The result should be a word-for-word retyping of the entries below, free of pictures.

Dataset entries:
- Opening Delimiter -

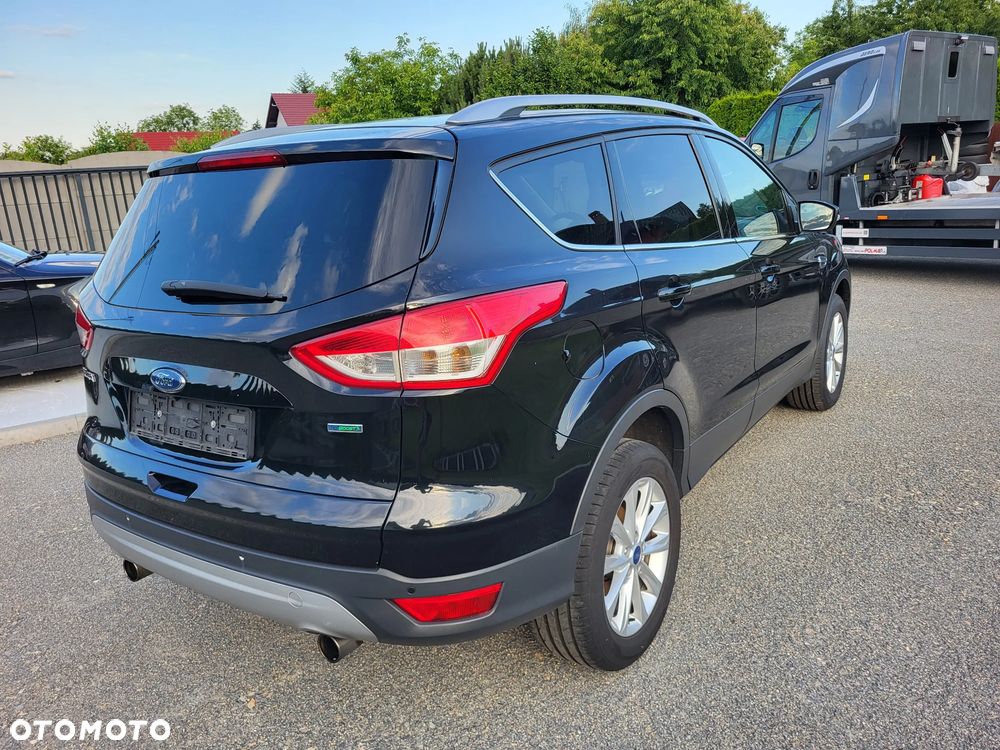Ford Kuga 1.5 EcoBoost FWD Titanium ASS - 5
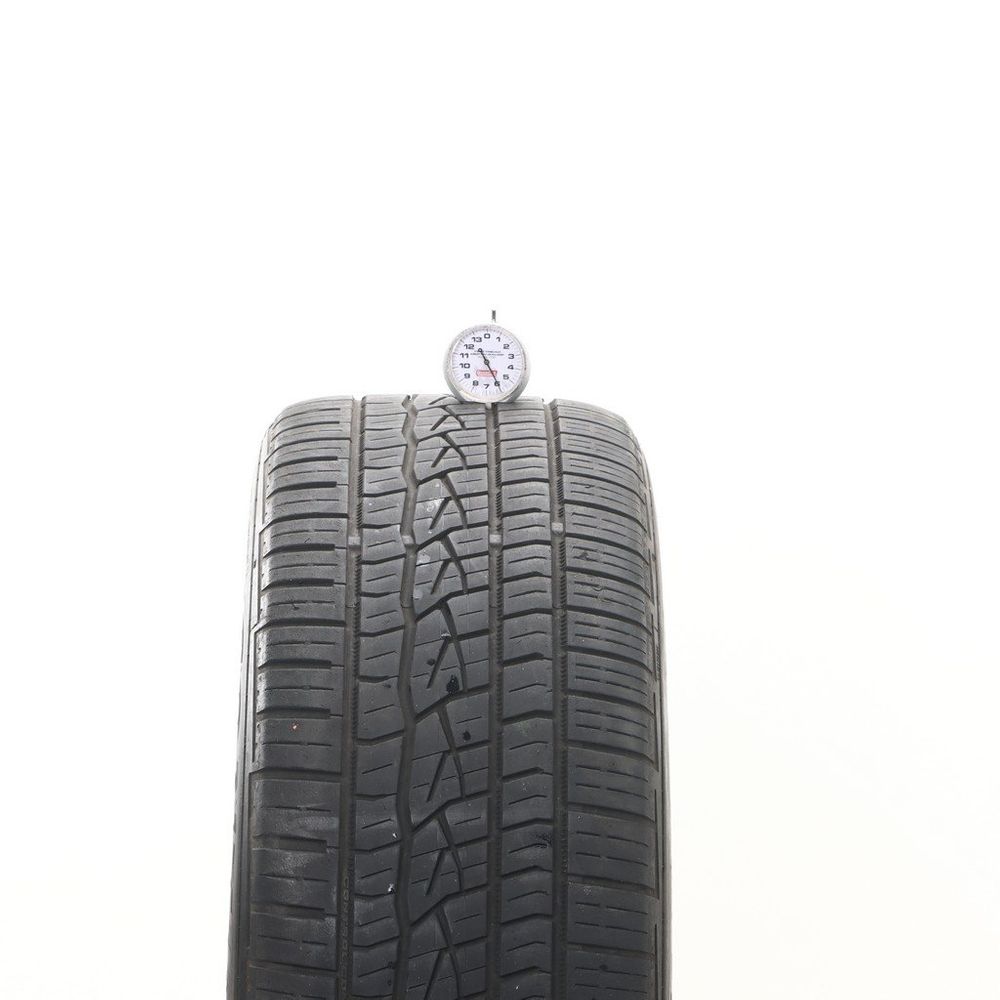 Set of (4) Used 235/50ZR18 Continental ControlContact Sport SRS Plus 97W - 6-7.5/32 - Image 2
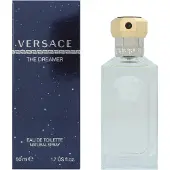 Versace The Dreamer Eau de toilette Spray 50 ml Herren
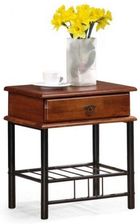 Zdjęcie Halmar Szafka Nocna Fiona - Frampol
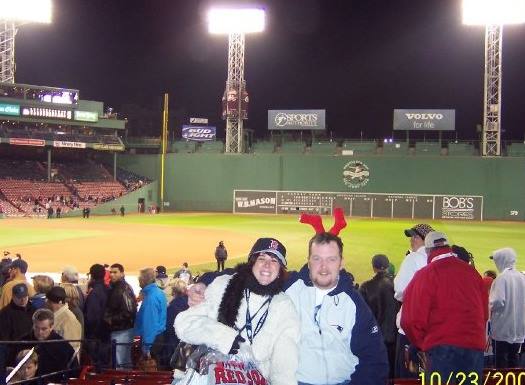 Game 1 - 2004 World Series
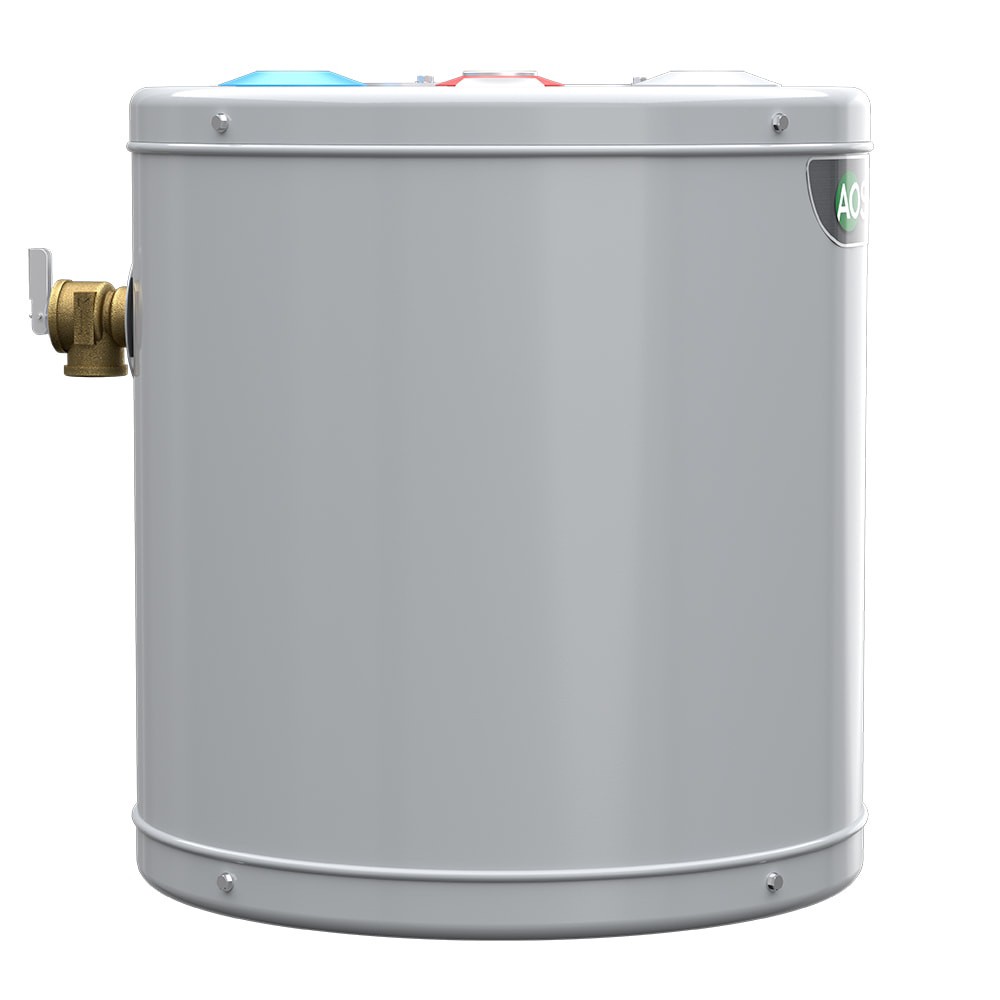 slide 4 of 6, A.O. Smith Signature 100 Series 6-Gallon Compact 6-year Limited Warranty Point Of Use Electric Water Heater, 1 ct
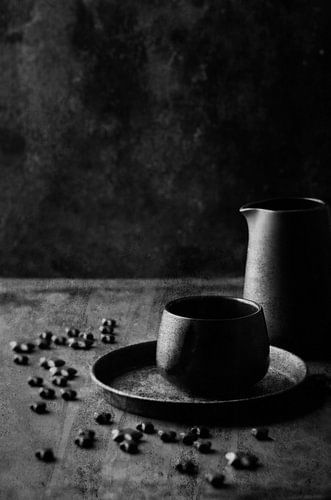 Black von Augen | Blicke Foto-Art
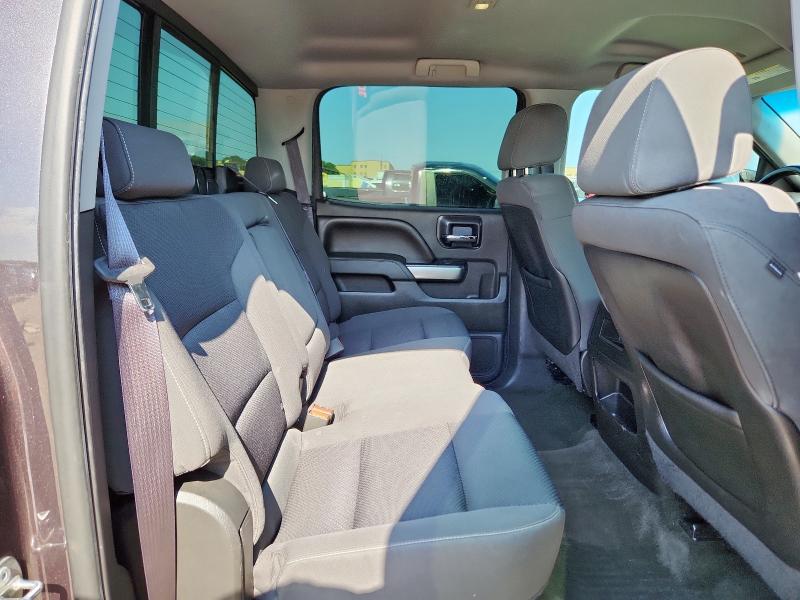 2015 CHEVROLET SILVERADO - 3GCPCREC4FG492758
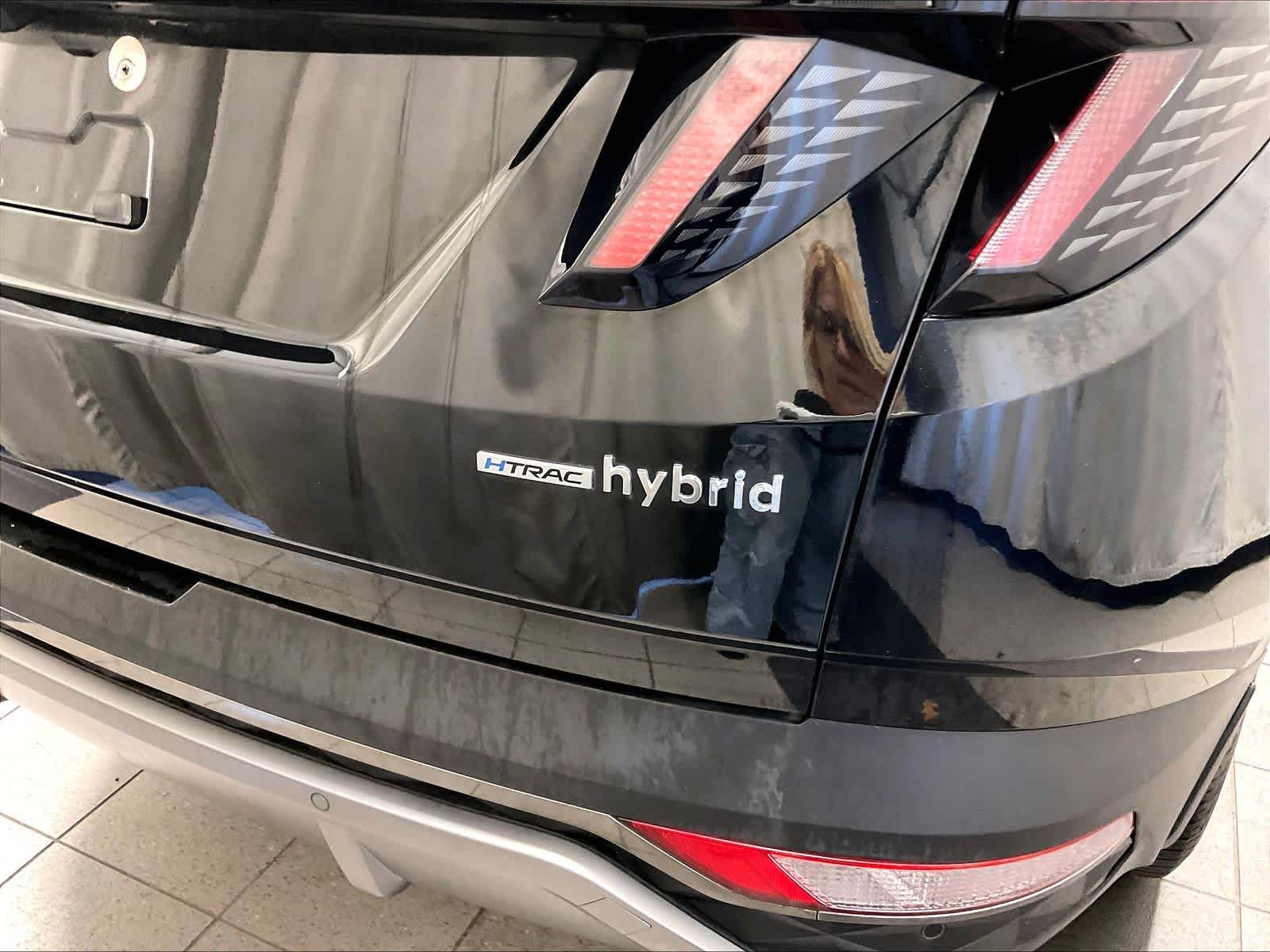 2023 Hyundai Tucson Hybrid Limited - Photo 29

- Closing Delimiter -

▸ TASK RESPONSE:
Ford Kuga 1.5 EcoBoost FWD Titanium ASS - 5
 Set of (4) Used 235/50ZR18 Continental ControlContact Sport SRS Plus 97W - 6-7.5/32 - Image 2
 Versace The Dreamer Eau de toilette Spray 50 ml Herren
 Zdjęcie Halmar Szafka Nocna Fiona - Frampol
 Game 1 - 2004 World Series
 slide 4 of 6, A.O. Smith Signature 100 Series 6-Gallon Compact 6-year Limited Warranty Point Of Use Electric Water Heater, 1 ct
 Black von Augen | Blicke Foto-Art
 2015 CHEVROLET SILVERADO - 3GCPCREC4FG492758
 2023 Hyundai Tucson Hybrid Limited - Photo 29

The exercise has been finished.